START MATERIAL SHOWN

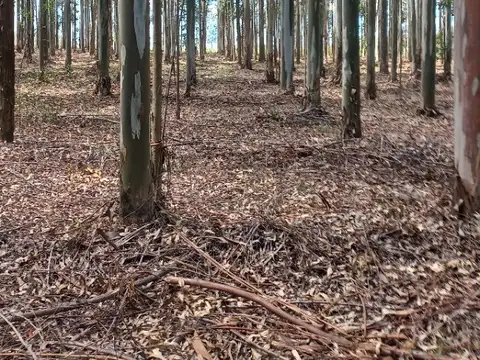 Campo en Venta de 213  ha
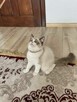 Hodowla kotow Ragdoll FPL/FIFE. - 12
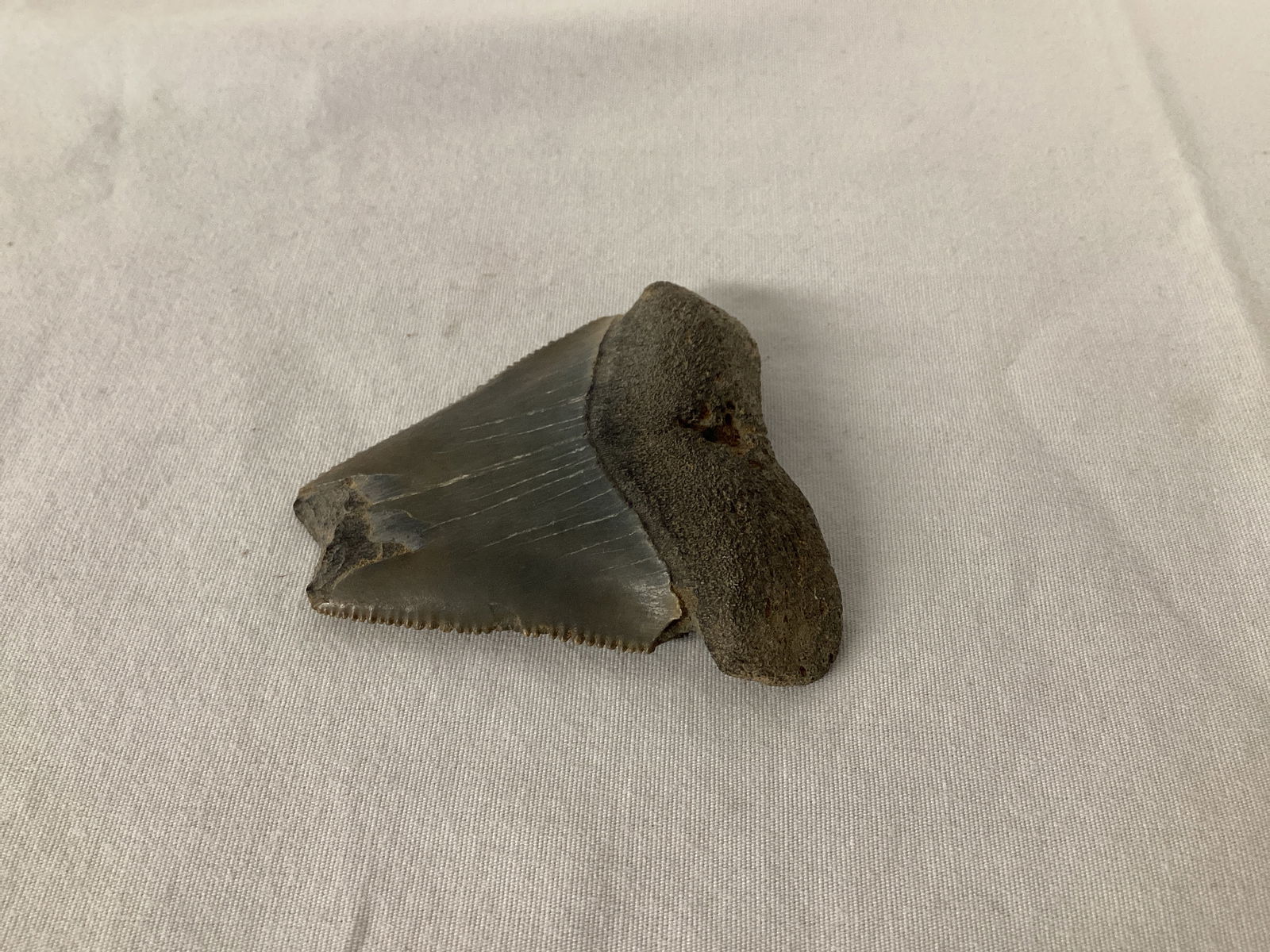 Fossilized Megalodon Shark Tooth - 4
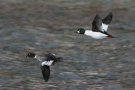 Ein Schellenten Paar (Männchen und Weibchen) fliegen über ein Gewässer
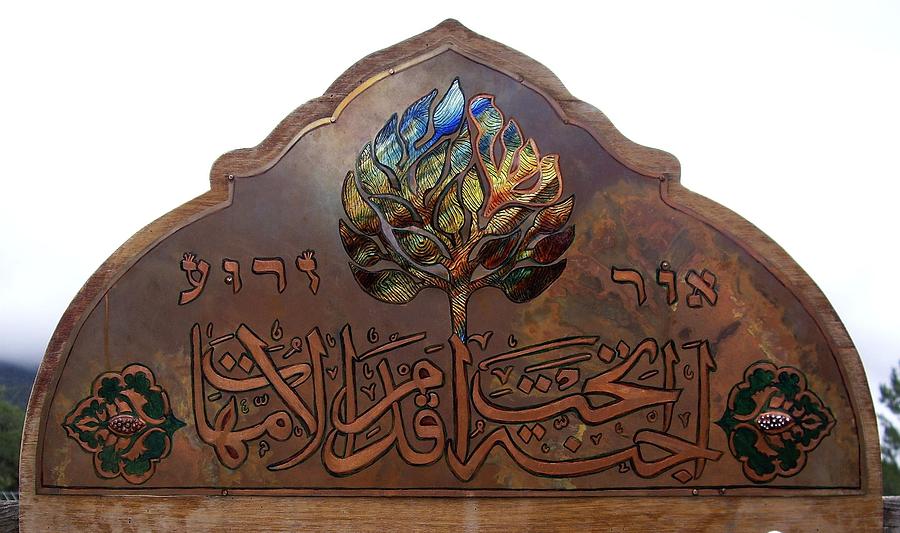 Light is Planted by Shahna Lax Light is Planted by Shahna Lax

END MATERIAL SHOWN

When you find the line that contains "Ein Schellenten Paar", retype it and every line after it through the end of the data above, exactly, with no pictures.

### WORKED SOLUTION
 Ein Schellenten Paar (Männchen und Weibchen) fliegen über ein Gewässer
 Light is Planted by Shahna Lax Light is Planted by Shahna Lax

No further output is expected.